(Beginning of DATA PROVIDED)
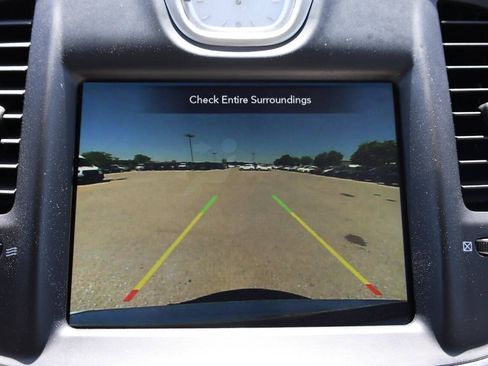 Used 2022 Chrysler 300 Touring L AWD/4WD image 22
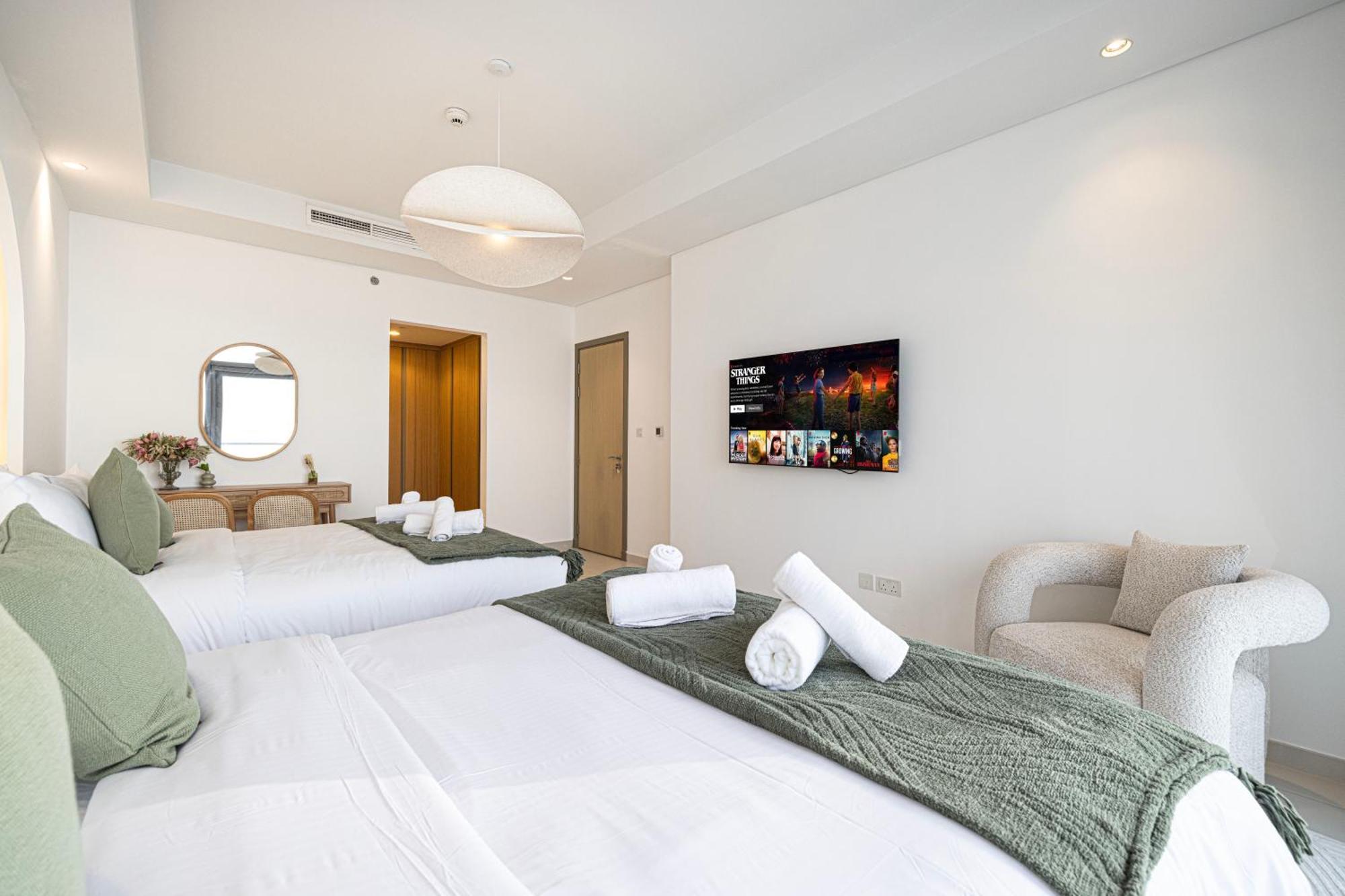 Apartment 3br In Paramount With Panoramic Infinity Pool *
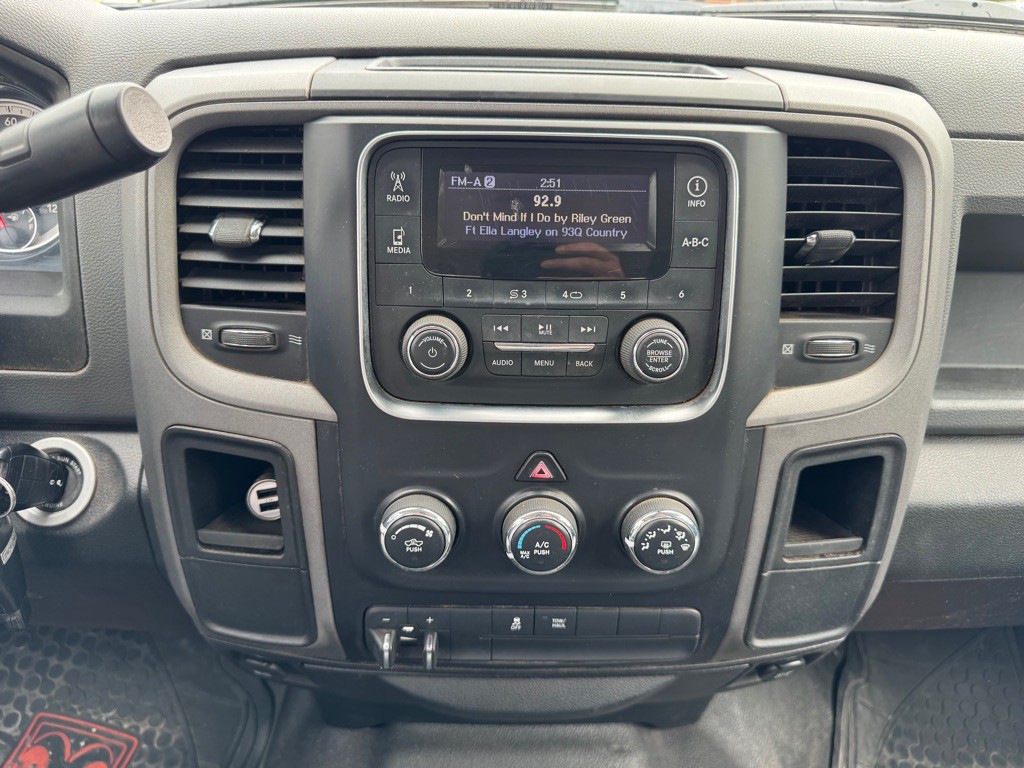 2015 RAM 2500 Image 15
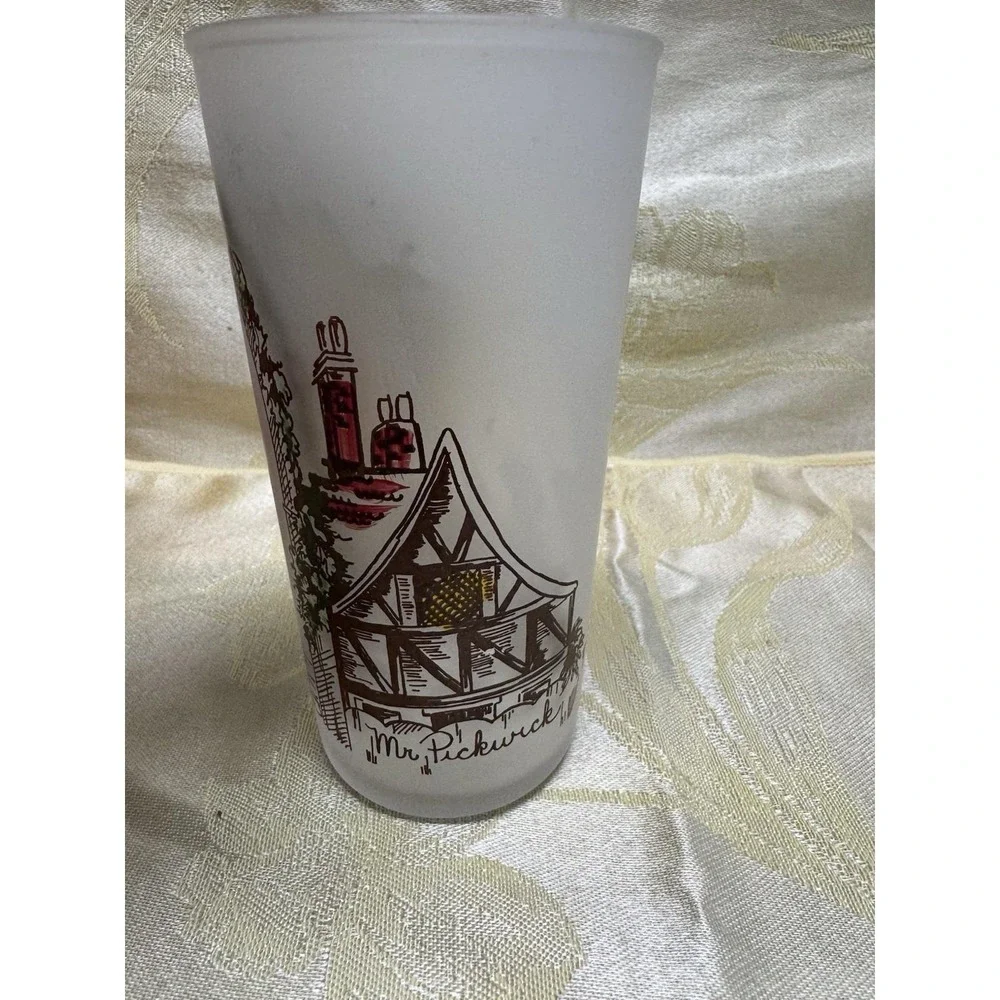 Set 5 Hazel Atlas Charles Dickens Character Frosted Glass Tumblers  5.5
(End of DATA PROVIDED)
> [YOUR ASSIGNMENT]
Pictures stay out. Everything else in the listing gets printed exactly.

> [SOLUTION]
 Used 2022 Chrysler 300 Touring L AWD/4WD image 22
 Apartment 3br In Paramount With Panoramic Infinity Pool *
 2015 RAM 2500 Image 15
 Set 5 Hazel Atlas Charles Dickens Character Frosted Glass Tumblers  5.5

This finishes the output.